Collection entries:
<<<<

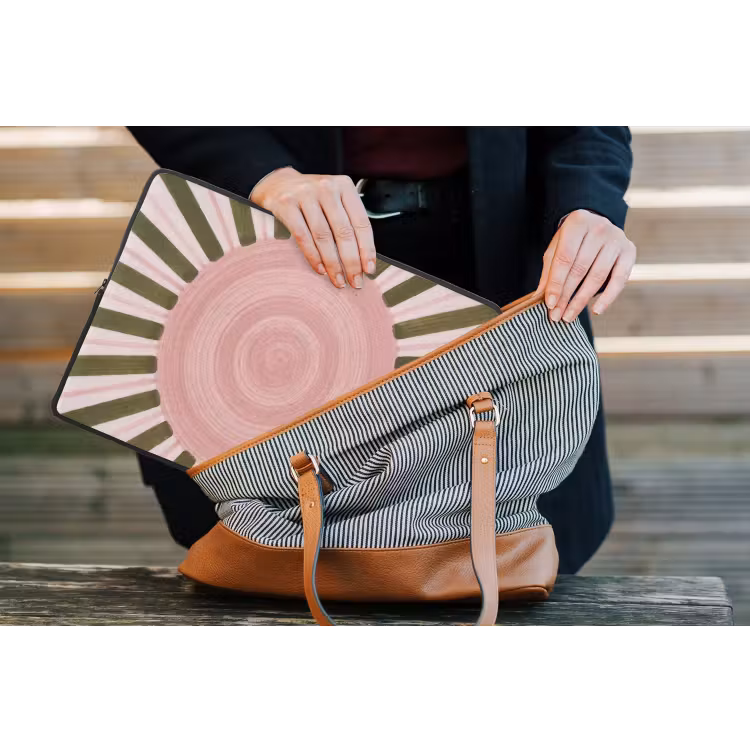 Patroon - Cirkel - Stralen - Abstract - Roze laptophoes neopreen klein -tas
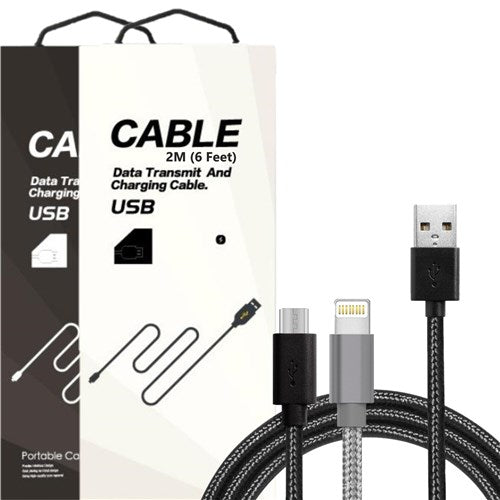 Nylon Braided Fast Charging USB Lightning / Type-C Data Cable 2M (6Feet)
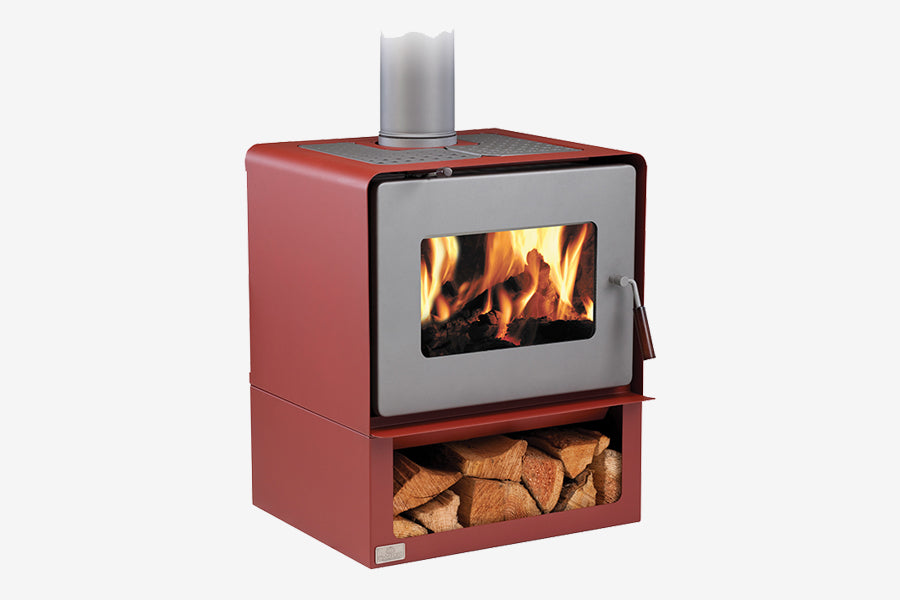Woodsman Flare Red Brown Wood Box Burner Front
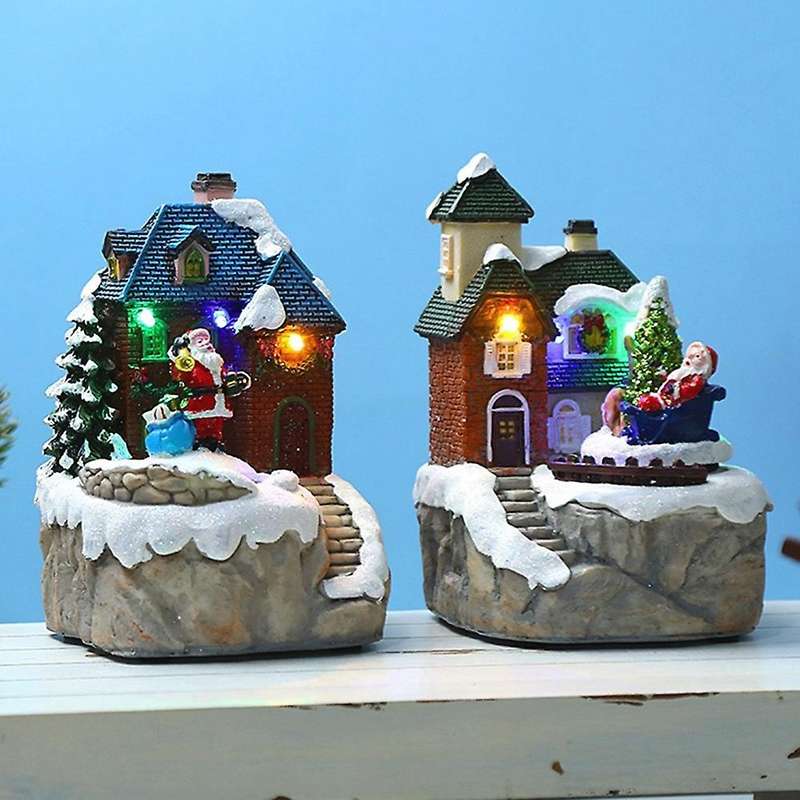 Christmas Village Luminous Music Snow Scene House Home Decoration B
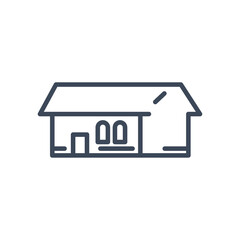 house with windows and door line style icon vector design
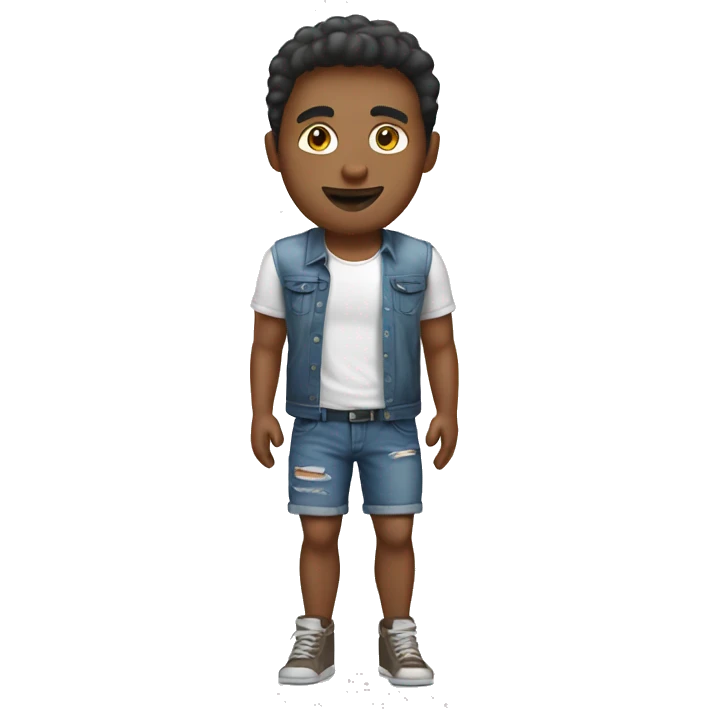 white skin technology guy in jean shorts emoji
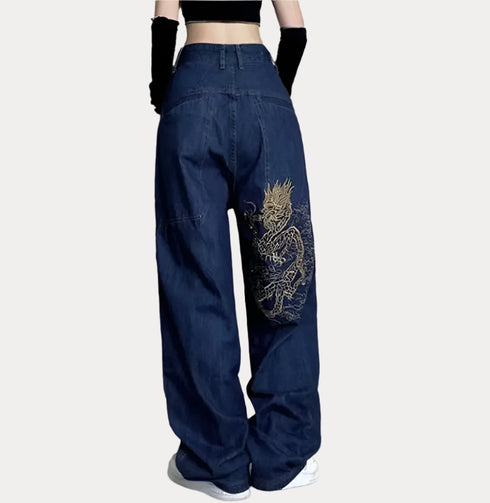 Dragon Embroidered Harajuku Jeans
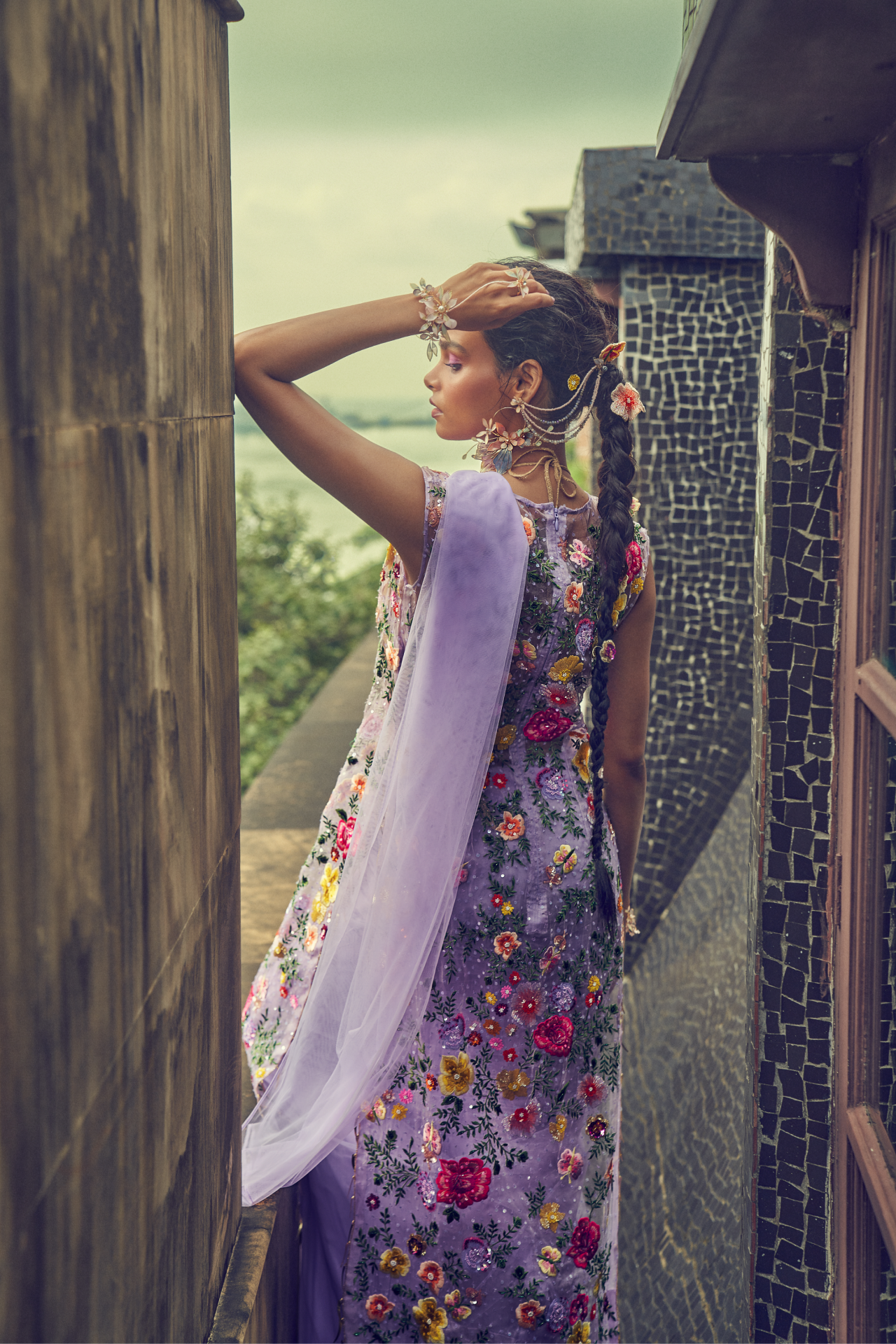 Lilac Long Floral Kurta with Slip
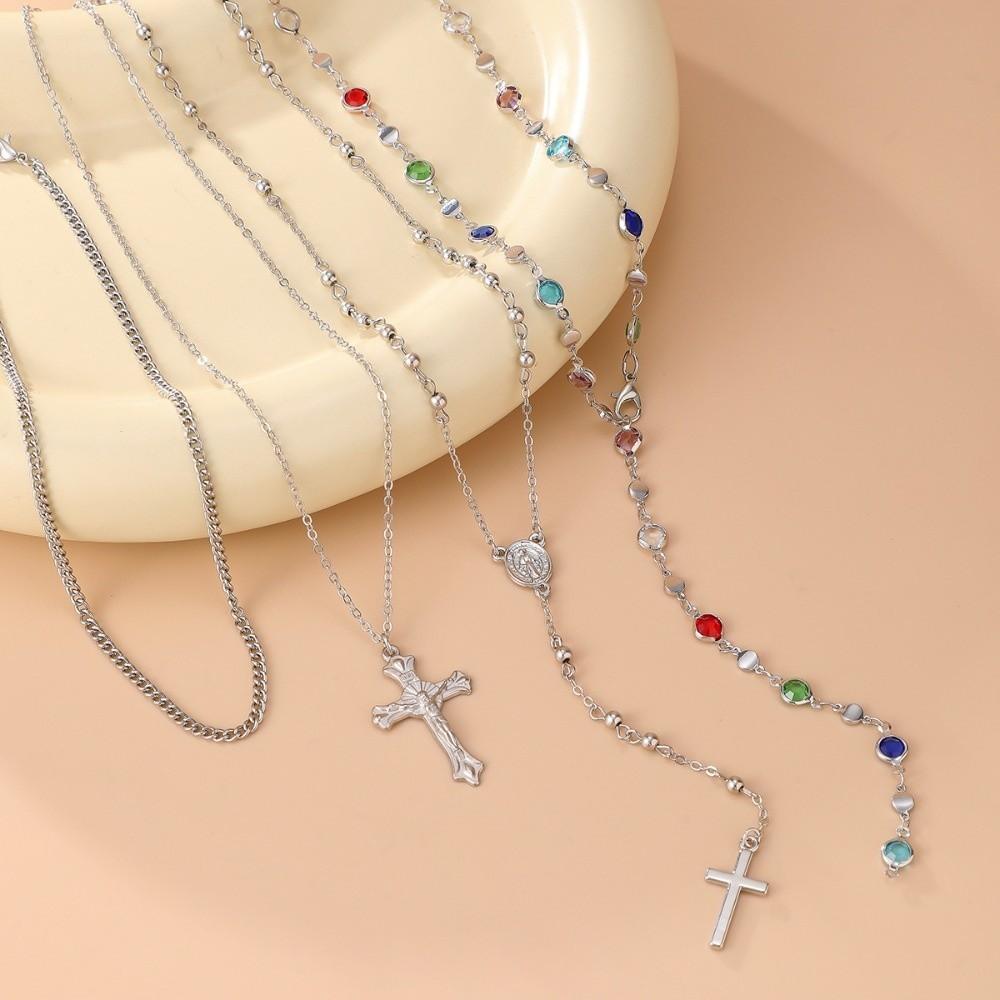 Rhinestone Metal Stacked Necklace Fashion Stacked Collarbone Chain Cross Necklace Set Women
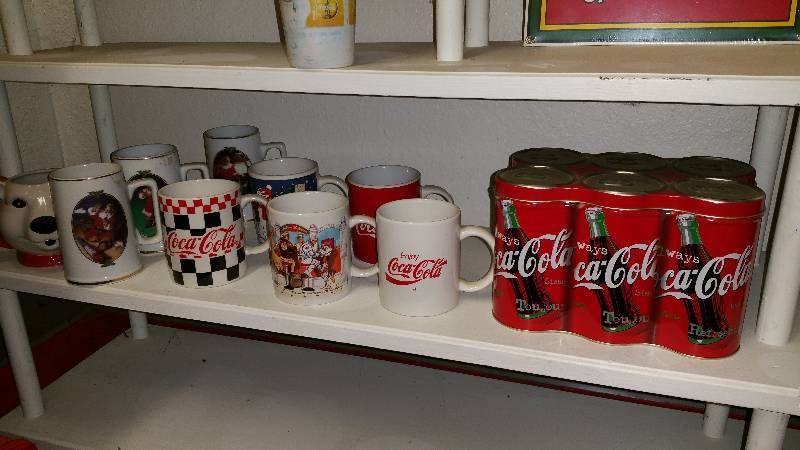 lot 47 image: Group of Coca-Cola Mugs and a Tin Canister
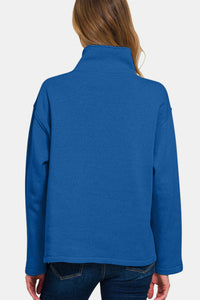 Zenana Turtleneck Half Snap Fleece Sweatshirt.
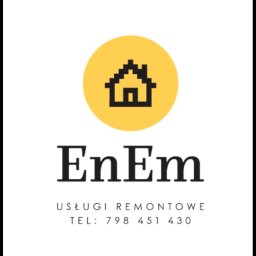 EnEm Nikola Pantelić - Logo firmy EnEm Usługi Remontowe z pikselową ikoną domu w żółtym okręgu i numerem telefonu. Minimalistyczny design na białym tle.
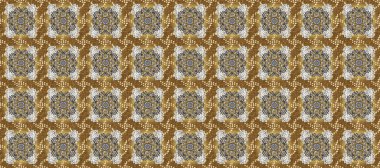 Damask seamless repeating background. Golden element on brown and gray colors. Gold Wallpaper on texture background. Gold floral ornament in baroque style.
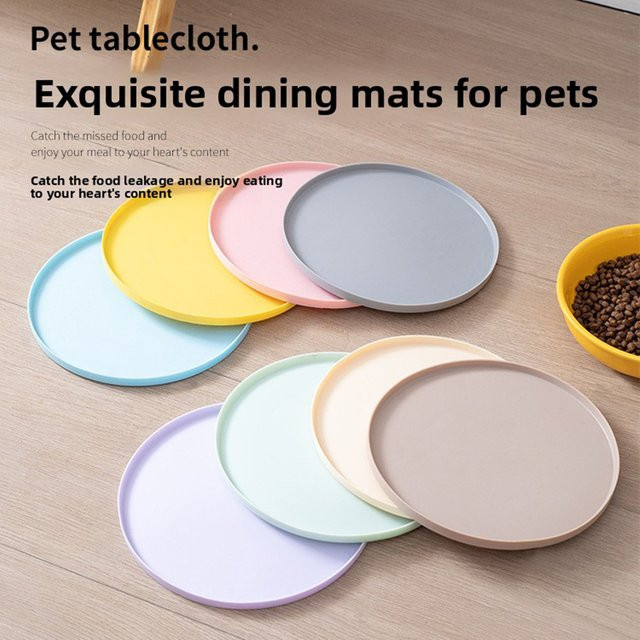 Rutschfeste Silikon-Haustierfuttermatte von DUSTPROOFVEIL in Beige, auslaufsichere Hundeschalen-Unterlage und faltbare Futterunterlage zum Schutz deiner Böden - Bild 1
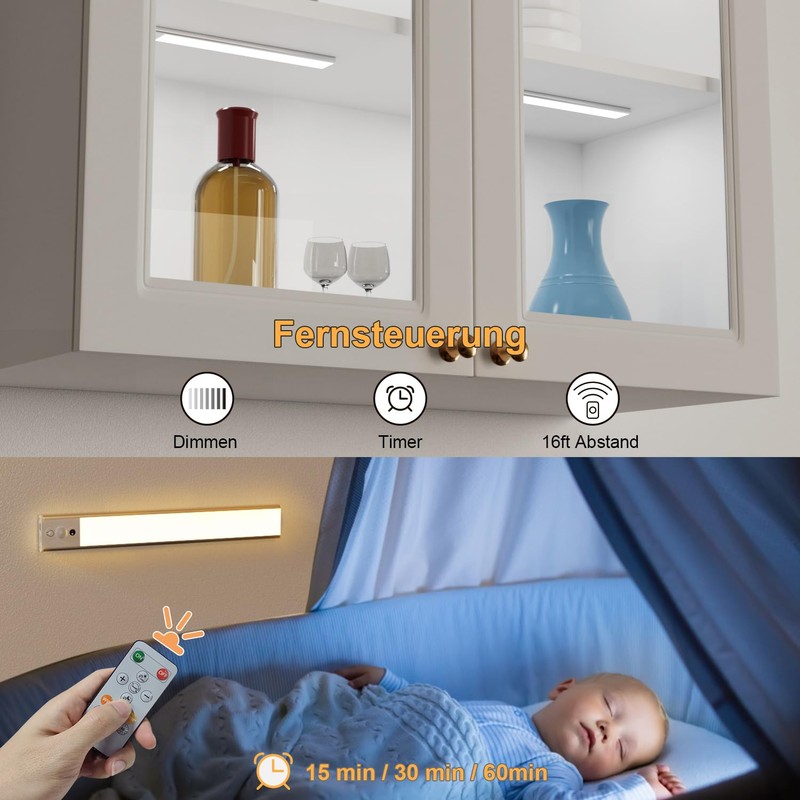 2023 Newest 2 Pack 30CM Under Cabinet Lights [with Remote],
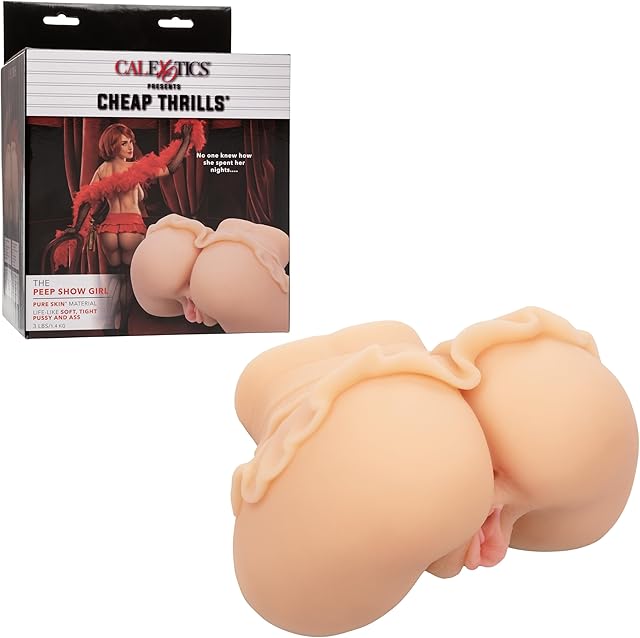 CalExotics Cheap Thrills The Peep Show Girl Male Masturbator, Dual Entry Stroker with Closed End Superior Suction - SE-0886-10-3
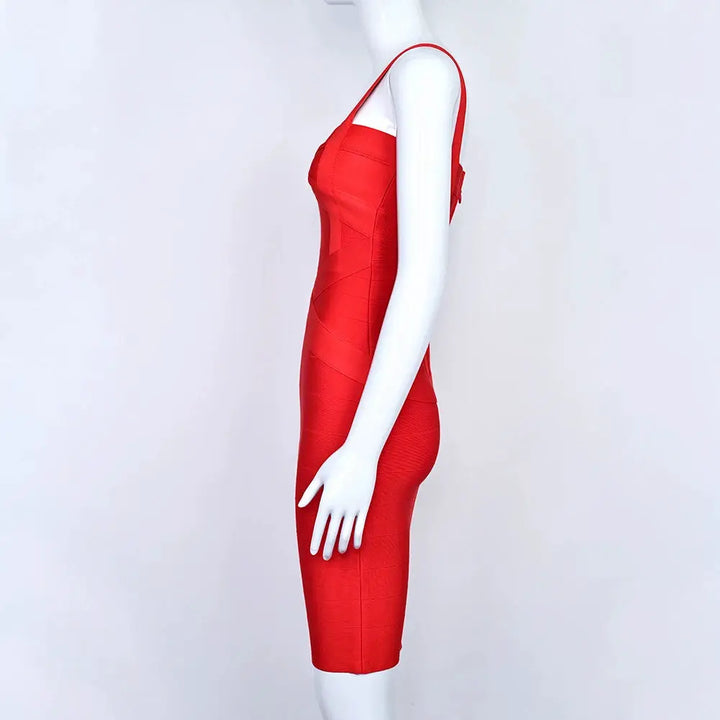 BEAUKEY Blue Spaghetti Strap Women Mini Bandage Dress Bodycon Sexy Above Knee Length Bodycon Party Club Dress XL Classic Vestido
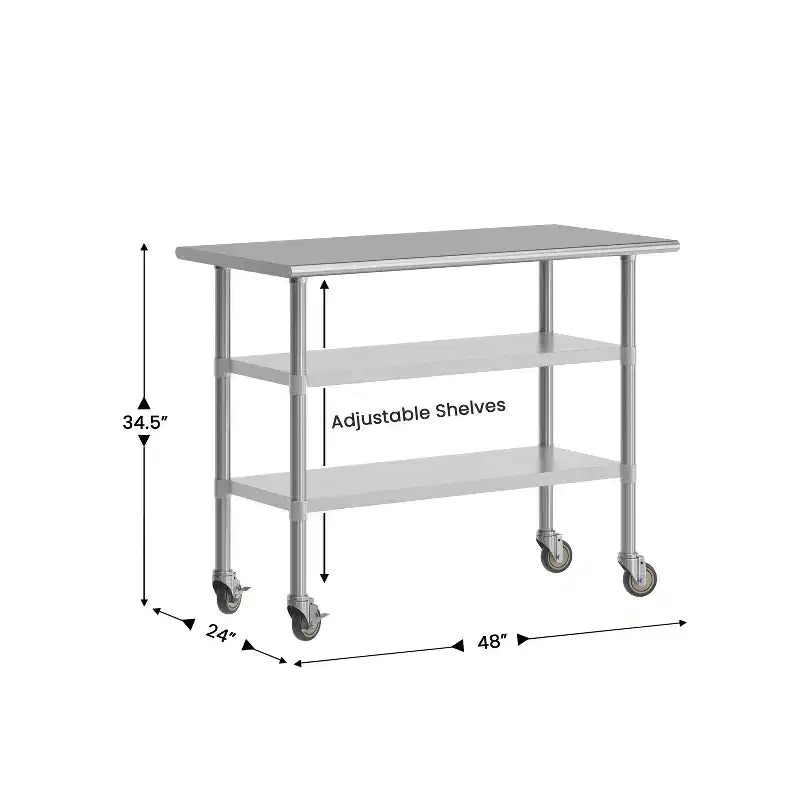 Table de préparation et de travail en acier inoxydable certifiée NSF 24x48 avec 2 étagères inférieures en acier galvanisé et 4 roulettes dont 2 verrouillables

>>>>

WHAT TO DO:
Repeat exactly the lines from the first line of the records above through the line containing "Rutschfeste Silikon-Haustierfuttermatte von", leaving out the pictures.

SOLUTION FOR THIS EXERCISE:
 Patroon - Cirkel - Stralen - Abstract - Roze laptophoes neopreen klein -tas
 Nylon Braided Fast Charging USB Lightning / Type-C Data Cable 2M (6Feet)
Woodsman Flare Red Brown Wood Box Burner Front
 Christmas Village Luminous Music Snow Scene House Home Decoration B
 house with windows and door line style icon vector design
 white skin technology guy in jean shorts emoji
 Dragon Embroidered Harajuku Jeans
 Lilac Long Floral Kurta with Slip
 Rhinestone Metal Stacked Necklace Fashion Stacked Collarbone Chain Cross Necklace Set Women
 lot 47 image: Group of Coca-Cola Mugs and a Tin Canister
 Zenana Turtleneck Half Snap Fleece Sweatshirt.
 EnEm Nikola Pantelić - Logo firmy EnEm Usługi Remontowe z pikselową ikoną domu w żółtym okręgu i numerem telefonu. Minimalistyczny design na białym tle.
 Damask seamless repeating background. Golden element on brown and gray colors. Gold Wallpaper on texture background. Gold floral ornament in baroque style.
 Rutschfeste Silikon-Haustierfuttermatte von DUSTPROOFVEIL in Beige, auslaufsichere Hundeschalen-Unterlage und faltbare Futterunterlage zum Schutz deiner Böden - Bild 1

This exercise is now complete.